Rechargeable batteries 22 housed in the battery unit 20 are nickel hydrogen batteries. However, the batteries can also be nickel cadmium batteries or lithium ion rechargeable batteries. The batteries can be a single battery or a plurality of batteries connected in series, in parallel, or in a combination of series and parallel.

The voltage detection section 12 detects the voltage of rechargeable batteries 22 housed in the battery unit 20. Since the battery unit 20 of the figure has a plurality of rechargeable batteries 22 connected in series, the voltage detection section 12 detects the total voltage of all the series connected batteries. The voltage detection section 12 outputs detected voltage as an analog signal to the control computation section 18, or the analog signal is converted to a digital signal via an analogtodigital converter (A/D converter) and output to the control computation section 18. The voltage detection section 12 detects battery voltage at a fixed sampling rate or continuously, and outputs the detected voltage to the control computation section 18.

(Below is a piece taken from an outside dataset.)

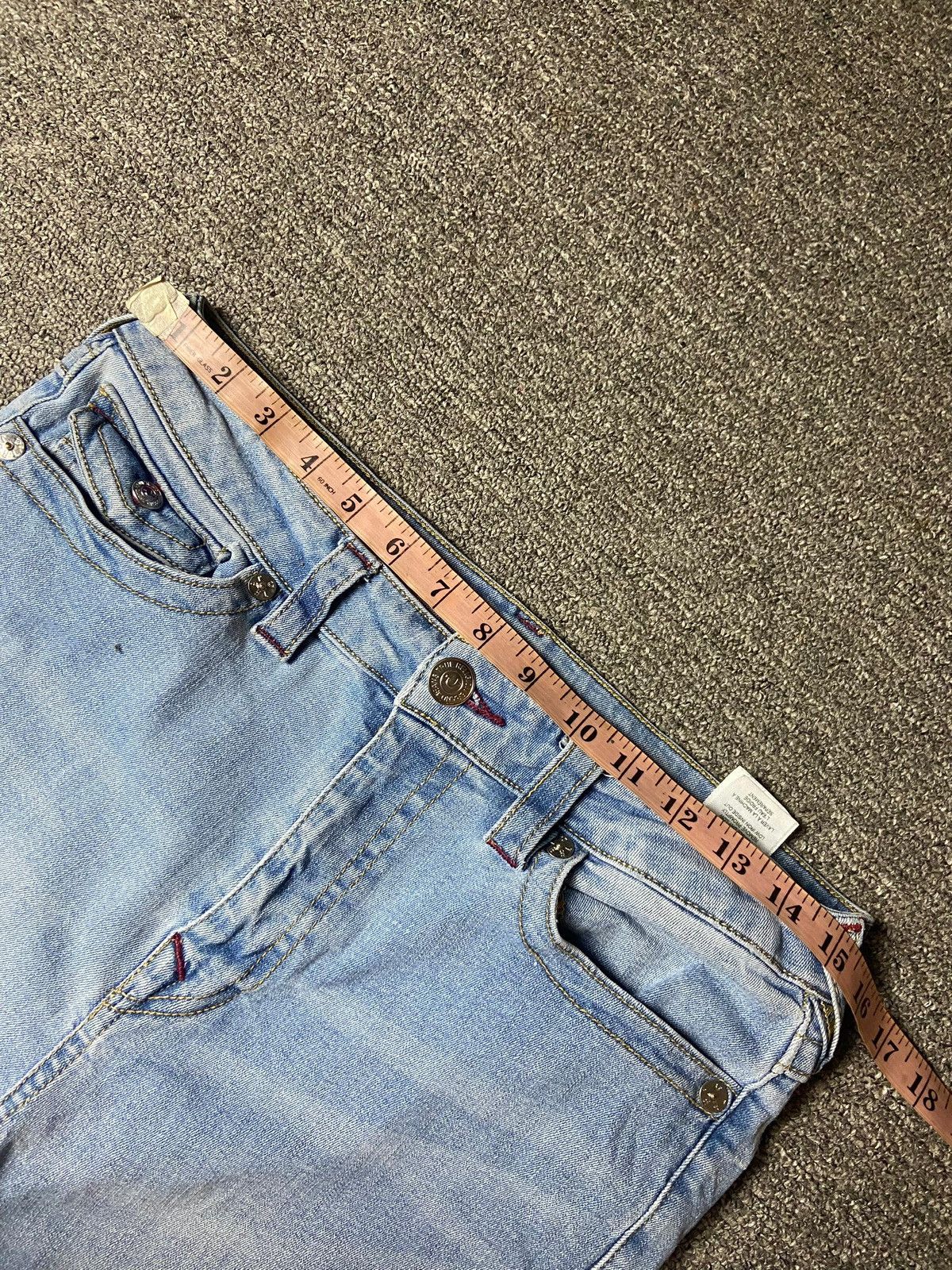 True Religion True Religion High Rise Super Skinny Jeans (144) Size US 31 - 8 Thumbnail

The temperature detection section 14 is provided with a temperature sensor 17 to detect the temperature of batteries housed in the battery unit 20. The temperature sensor 17 contacts a battery surface, contacts a battery via heat conducting material, or is in close proximity to a battery surface for thermal connection to detect battery temperature. The temperature sensor 17 is a thermistor. However, any device that can convert temperature to electrical resistance, such as a PTC device or varistor, can be used as the temperature sensor 17. Further, a device that can detect temperature without contact to the battery, such as a device that detects infrared radiation emitted from the battery, can also be used as the temperature sensor 17. The temperature detection section 14 also outputs detected battery temperature as an analog signal to the control computation section 18, or the analog signal is converted to a digital signal via an A/D converter and output to the control computation section 18. The temperature detection section 14 detects battery temperature at a fixed sampling rate or continuously, and outputs the detected battery temperature to the control computation section 18.

The current detection section 16 has a resistive element connected in series with the batteries, and detects the voltage developed across both terminals of that resistive element to detect discharging current flow through the batteries. The resistive element is a low value resistor. However, semiconductors, such as a bipolar transistor or field effect transistor (FET) can also be used as the resistive element. Since the direction of current flow is opposite for battery charging current and discharging current, the polarity of the voltage developed across the resistive element is reversed for charging and discharging. Consequently, the polarity of the voltage across the resistive element can determine if the current is charging current or discharging current, and the amount of the voltage across the resistive element can detect the magnitude of the current. This is because current is proportional to the voltage developed across the resistive element. This type of current detection section 16 can accurately detect discharging current. However, the current detection section 16 can also be a structure that detects current by detecting magnetic flux external to the current flow inside a wire lead. The current detection section 16 also outputs detected discharging current as an analog signal to the control computation section 18, or the analog signal is converted to a digital signal via an A/D converter and output to the control computation section 18. The current detection section 16 detects discharging current at a fixed sampling rate or continuously, and outputs the detected discharging current to the control computation section 18.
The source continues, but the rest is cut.